Aufrufe zur Mäßigung und Verzicht sind schon lange nicht mehr eine Domäne der Religionen. Die Hotelerie hat den Mehrwert, sprich die zusätzlichen Umsatzmöglichkeiten in der Fastenzeit erkannt. In Vitalzeitschriften und in den Gesundheitsbeilagen der Tageszeitungen wird für Basenfasten, Heilfasten und andere Schlankheitskuren eifrig Werbung gemacht. Diese werden garniert mit Angeboten aus dem Wellnessbereich. Versehen mit dem Hinweis, dass trotz Kalorienreduktion die Gaumenfreuden nicht zu kurz kommen. Zu sehr will man den wohlstandsverwöhnten Menschen nicht herausfordern, höchstens was die Kosten eines solchen Fastenurlaubs anlangen. Mit ihren Angeboten stehen sie in Konkurrenz zu den Kurheimen und den Klöster, welche schon seit Jahrzehnten Fastenwochen anbieten und dabei auch den spirituellen Aspekt mit einbinden. Dabei wird der Versuch unternommen nicht nur den Körper von Schlacken zu reinigen, sondern auch die Gedanken vom geistigen Müll und Unrat zu entsorgen. Wir kämpfen heute nicht nur für eine reine Umwelt, sondern auch gegen eine geistige Umweltverschmutzung. Einige Kurhäuser haben sich auf Behandlungen nach Pfarrer Kneipp spezialisiert, welche die Wiederherstellung des seelischen Gleichgewichts miteinschließen. Neben den Anwendungen nach alten Weisheiten der Europäischen Medizin, fließen Behandlungen von östlicher Medizin, wie Ayurweda und Traditionelle Chinesische Medizin mit ein. Im Allgemeinen hat man die Erfahrung gemacht, dass Fasten und Verzichten in der Gruppe oder im Rahmen eines Kuraufenthalts leichter fällt, als wenn man es als Einzelperson durchführt.
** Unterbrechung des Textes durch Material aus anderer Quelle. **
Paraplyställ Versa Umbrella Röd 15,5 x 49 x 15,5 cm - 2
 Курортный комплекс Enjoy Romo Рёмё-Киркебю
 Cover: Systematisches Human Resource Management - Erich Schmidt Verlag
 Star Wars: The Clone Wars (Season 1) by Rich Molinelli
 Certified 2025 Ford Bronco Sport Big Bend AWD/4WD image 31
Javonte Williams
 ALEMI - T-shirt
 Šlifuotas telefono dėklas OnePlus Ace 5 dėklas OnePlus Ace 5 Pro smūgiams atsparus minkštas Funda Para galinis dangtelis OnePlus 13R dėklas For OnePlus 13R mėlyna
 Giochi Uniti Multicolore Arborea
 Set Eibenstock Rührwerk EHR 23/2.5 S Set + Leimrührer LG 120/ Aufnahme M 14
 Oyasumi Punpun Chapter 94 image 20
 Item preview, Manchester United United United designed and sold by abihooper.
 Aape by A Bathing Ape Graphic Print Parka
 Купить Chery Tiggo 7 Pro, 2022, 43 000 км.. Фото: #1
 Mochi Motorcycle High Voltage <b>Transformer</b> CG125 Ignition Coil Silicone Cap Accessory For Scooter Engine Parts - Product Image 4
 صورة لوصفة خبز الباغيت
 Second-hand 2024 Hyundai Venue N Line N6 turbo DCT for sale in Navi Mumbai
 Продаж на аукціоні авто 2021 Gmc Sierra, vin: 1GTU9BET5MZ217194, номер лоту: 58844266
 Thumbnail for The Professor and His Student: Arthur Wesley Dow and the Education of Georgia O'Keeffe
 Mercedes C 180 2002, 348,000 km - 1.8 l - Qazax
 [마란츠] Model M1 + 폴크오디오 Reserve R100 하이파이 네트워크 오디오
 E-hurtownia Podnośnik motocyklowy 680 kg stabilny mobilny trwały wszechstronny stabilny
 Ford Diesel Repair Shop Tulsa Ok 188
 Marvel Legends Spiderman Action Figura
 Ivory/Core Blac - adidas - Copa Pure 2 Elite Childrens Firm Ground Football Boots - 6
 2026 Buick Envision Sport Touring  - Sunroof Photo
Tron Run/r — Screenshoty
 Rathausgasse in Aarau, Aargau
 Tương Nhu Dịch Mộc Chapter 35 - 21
Neben der Kurhotelerie lässt auch die Gastronomie und die Lebensmittelindustrie das Segment Fasten und Diät nicht aus ihrem Blickwinkel. Aktive Gastronomen bieten nicht nur rund um den Aschermittwoch Fastenspeisen an, in manchen Lokalen gibt es täglich ein Fastenmenü. Passend dazu das alkoholfreie Fastenbier. Im Genussmittelhandel sind die fett- und kalorienreduzierten Lebensmittel schon lange kein Nischenprodukt mehr. Sie füllen im Supermarkt eigene Abteilungen. Auch das beliebte Coca Cola gibt es ohne Zucker, laut Werbung mit demselben Geschmack.
Wem dies alles noch zu wenig ist, der findet in den Fitnessstudios spezielle Coach, die ihren Teil zum Abnehmen und Schlankwerden beitragen. Vornehmlich zielt die Werbung dabei auf die weibliche Kundschaft. Im selben Atemzug gibt es die passenden, schlankmachenden Pillen aus der Apotheke. Bis zur Badesaison sind es nur mehr drei Monate. Von der Fastenzeit geht man nahtlos zu den Frühlingskuren, zum schnellen Abnehmen, über. Ich bin gespannt, welche neue Diät in diesem Frühjahr auftauchen wird. Mit einer einzigartigen Fastenidee überraschte uns eine Bekannte, sie werde in den nächsten Monaten Männerfasten. Nach einer unglücklichen Beziehung werde sie im nächsten Zeitraum die Männer keines Blickes würdigen.